As a denominational leader, I soon discovered the limits of my understanding as I attempted to put these values into practice. My interaction with diverse constituent groups across the country taught me that the meaning and significance of these four values is highly dependent on context. I found that even within the same extended family or congregation, people view the meaning of covenant, accountability, unity and diversity in very different ways. I have always known this to be true, but my experience as a leader taught me that these differences are often rooted in genuine spiritual convictions, not just cultural bias or unwillingness to agree.
Further, I’ve come to see that unity and consensus are sometimes superseded by other values in our church, at times for legitimate reasons.
Consensus forged in large groups such as our delegate assembly can sometimes reflect the unfair biases of the leaders who set the agenda or the tyranny of a majority vote, devaluing or even muting legitimate dissent. In other words, the press for unity can at times ignore the wisdom of disparate voices, offending the spiritual convictions of persons or groups who remain in the minority.

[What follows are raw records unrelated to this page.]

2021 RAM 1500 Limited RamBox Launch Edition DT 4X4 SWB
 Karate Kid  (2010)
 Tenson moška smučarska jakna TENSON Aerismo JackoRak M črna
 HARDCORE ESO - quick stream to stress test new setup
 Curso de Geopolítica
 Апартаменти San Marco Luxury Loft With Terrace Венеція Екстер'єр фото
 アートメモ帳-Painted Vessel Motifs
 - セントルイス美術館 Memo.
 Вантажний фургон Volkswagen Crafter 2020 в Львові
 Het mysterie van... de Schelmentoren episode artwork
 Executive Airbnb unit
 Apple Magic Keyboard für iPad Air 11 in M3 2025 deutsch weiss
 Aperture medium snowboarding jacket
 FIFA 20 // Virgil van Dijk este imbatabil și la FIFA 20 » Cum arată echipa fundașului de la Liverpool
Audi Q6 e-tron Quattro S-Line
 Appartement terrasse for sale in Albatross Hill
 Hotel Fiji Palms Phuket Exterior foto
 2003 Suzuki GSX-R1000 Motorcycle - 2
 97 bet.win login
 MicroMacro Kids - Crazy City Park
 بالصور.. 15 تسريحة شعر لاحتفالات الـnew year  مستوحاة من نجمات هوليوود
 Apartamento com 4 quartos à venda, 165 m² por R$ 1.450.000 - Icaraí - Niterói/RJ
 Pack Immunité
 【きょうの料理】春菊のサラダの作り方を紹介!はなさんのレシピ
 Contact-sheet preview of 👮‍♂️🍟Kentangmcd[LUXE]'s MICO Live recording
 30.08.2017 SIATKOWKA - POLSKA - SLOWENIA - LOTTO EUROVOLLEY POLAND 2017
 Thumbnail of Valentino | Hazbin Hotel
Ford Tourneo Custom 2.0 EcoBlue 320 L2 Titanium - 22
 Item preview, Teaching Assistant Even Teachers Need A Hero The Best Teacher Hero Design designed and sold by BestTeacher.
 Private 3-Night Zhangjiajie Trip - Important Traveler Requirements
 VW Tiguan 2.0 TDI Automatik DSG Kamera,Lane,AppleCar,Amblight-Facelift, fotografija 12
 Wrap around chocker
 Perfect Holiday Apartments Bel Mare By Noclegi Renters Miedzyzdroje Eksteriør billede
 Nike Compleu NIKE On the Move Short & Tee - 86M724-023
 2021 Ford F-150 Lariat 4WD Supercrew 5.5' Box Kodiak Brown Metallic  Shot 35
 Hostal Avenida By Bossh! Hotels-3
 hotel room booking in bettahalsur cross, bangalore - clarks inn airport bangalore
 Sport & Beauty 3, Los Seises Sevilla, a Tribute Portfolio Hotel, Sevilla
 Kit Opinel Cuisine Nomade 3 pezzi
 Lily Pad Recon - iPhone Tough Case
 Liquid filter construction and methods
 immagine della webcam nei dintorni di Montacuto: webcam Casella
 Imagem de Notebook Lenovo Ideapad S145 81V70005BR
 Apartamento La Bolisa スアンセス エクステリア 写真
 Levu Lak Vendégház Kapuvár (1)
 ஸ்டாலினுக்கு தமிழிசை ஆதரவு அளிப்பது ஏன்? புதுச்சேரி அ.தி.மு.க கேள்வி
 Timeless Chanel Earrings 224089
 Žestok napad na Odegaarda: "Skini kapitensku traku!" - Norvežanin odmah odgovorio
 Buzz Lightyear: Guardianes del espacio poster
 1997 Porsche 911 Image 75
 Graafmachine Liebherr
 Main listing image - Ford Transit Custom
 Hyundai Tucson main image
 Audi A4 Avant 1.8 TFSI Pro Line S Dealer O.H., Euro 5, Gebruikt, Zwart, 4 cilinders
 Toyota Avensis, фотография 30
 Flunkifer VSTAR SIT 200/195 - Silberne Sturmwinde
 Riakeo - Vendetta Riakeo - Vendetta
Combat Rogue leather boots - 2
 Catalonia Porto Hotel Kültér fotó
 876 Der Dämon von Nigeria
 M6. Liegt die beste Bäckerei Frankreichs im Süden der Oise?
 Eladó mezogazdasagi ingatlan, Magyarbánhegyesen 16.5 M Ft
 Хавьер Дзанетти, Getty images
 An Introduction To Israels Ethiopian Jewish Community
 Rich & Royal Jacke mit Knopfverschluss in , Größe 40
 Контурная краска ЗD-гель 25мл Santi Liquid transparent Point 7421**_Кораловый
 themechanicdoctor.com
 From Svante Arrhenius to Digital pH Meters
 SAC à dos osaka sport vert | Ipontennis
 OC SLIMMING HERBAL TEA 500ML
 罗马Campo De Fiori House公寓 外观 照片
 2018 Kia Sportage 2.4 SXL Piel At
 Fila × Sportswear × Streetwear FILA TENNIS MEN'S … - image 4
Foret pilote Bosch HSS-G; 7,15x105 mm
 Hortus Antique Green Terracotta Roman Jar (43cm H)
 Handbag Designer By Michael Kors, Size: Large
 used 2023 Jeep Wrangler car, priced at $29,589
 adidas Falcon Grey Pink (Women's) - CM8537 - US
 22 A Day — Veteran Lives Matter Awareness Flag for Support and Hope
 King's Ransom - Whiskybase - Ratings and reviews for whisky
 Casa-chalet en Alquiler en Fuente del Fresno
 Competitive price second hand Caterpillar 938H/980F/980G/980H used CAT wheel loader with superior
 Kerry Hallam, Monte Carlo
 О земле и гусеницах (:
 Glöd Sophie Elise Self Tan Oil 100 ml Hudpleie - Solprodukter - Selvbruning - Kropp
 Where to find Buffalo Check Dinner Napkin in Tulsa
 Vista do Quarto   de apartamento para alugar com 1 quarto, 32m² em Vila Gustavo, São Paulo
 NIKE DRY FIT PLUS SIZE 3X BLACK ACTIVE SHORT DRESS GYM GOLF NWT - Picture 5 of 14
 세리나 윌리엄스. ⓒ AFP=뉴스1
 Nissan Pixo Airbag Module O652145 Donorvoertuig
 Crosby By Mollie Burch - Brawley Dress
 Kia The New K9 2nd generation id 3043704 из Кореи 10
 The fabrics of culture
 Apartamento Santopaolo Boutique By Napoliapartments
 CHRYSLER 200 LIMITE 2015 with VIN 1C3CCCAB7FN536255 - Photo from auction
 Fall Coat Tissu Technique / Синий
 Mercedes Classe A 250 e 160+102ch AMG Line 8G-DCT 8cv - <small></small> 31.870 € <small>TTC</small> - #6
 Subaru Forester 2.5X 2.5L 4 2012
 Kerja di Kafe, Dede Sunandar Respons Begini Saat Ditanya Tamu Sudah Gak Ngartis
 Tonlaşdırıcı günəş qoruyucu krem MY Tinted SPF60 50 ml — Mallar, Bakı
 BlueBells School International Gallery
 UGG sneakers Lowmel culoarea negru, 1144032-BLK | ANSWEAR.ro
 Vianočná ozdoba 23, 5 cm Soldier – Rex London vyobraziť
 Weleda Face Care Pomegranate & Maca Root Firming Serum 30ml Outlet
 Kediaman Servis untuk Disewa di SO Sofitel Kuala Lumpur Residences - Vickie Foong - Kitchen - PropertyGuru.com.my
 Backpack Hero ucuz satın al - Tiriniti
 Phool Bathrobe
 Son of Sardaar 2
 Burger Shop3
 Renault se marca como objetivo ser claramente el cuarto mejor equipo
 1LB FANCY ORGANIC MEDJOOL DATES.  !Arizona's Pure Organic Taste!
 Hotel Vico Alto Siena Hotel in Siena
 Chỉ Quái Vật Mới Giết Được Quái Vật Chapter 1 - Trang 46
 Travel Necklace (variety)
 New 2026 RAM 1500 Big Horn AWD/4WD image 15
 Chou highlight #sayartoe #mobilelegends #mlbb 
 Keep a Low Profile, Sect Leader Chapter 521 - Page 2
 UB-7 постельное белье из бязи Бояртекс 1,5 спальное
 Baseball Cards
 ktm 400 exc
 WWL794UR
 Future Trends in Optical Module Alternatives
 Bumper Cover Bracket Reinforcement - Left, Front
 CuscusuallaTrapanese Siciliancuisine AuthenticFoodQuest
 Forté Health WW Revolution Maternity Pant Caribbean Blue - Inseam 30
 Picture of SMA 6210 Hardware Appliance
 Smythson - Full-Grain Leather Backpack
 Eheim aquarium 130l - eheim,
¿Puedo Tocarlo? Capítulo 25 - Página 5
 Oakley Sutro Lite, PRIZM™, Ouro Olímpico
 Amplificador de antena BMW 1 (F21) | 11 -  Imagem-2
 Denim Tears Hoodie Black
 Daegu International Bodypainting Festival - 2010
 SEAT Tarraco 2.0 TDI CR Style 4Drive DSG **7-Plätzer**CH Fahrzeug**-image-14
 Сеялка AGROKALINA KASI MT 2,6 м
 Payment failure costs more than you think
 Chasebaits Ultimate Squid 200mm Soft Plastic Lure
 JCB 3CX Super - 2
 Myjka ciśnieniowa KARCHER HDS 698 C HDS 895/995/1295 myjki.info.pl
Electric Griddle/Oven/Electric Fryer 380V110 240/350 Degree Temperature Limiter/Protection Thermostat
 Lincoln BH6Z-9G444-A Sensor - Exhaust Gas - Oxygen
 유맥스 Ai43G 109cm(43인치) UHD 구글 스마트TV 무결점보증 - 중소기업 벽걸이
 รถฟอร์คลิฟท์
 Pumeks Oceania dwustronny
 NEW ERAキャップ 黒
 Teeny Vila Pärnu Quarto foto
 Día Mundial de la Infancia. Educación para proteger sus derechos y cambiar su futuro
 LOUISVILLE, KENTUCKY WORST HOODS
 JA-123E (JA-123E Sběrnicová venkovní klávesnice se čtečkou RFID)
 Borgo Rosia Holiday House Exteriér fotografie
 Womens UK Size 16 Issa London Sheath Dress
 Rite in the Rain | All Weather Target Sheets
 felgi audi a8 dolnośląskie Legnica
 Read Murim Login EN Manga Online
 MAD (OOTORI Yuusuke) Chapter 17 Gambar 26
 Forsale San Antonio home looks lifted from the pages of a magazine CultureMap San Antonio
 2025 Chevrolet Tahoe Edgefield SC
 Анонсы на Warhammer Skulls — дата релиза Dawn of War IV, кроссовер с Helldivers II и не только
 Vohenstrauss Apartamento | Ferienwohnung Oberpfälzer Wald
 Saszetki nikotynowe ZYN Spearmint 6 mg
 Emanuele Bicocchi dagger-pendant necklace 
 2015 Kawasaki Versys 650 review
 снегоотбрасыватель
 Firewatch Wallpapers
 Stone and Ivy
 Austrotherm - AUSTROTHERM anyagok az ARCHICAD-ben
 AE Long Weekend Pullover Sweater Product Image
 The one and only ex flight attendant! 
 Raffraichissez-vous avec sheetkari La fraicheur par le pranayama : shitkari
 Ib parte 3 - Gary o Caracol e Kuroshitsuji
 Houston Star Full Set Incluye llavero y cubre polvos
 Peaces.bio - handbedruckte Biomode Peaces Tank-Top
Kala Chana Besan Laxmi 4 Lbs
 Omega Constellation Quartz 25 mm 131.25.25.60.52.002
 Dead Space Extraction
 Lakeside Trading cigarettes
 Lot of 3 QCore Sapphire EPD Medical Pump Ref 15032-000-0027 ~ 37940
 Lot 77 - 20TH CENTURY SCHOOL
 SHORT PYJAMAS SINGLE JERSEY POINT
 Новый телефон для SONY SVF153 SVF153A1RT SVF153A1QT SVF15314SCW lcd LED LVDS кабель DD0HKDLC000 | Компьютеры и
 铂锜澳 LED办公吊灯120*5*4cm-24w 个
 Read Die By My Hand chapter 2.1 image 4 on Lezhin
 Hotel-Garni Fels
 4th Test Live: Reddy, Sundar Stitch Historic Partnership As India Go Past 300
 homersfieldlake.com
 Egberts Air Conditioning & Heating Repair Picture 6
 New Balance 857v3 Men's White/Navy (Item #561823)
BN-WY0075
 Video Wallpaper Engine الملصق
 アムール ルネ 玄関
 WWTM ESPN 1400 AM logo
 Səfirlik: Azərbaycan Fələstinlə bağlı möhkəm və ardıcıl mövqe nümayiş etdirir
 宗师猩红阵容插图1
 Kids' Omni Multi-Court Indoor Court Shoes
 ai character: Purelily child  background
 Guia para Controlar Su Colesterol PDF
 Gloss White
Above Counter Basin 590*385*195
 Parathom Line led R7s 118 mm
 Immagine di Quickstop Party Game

Our pursuit of unity must pay attention to the heartfelt convictions of individuals as well as niche groups, particularly since the rise of social media. Articulate people with access to a smartphone can now gain a following which the most sophisticated news organizations would have paid dearly to gain even a decade ago.
Further, I’ve learned that communal discernment on very specific questions can only work effectively where there are broadly shared values. Where people differ on basic values, it will be difficult for them to listen for God’s voice together, or to agree on what God is saying. I’ve needed to concede that the broader and more diverse the group, the more difficult it is to do communal discernment on specific questions. When it comes to controversial issues, even nuclear families find themselves on opposite sides. How then could we expect that congregations and area conferences would come to ready agreement?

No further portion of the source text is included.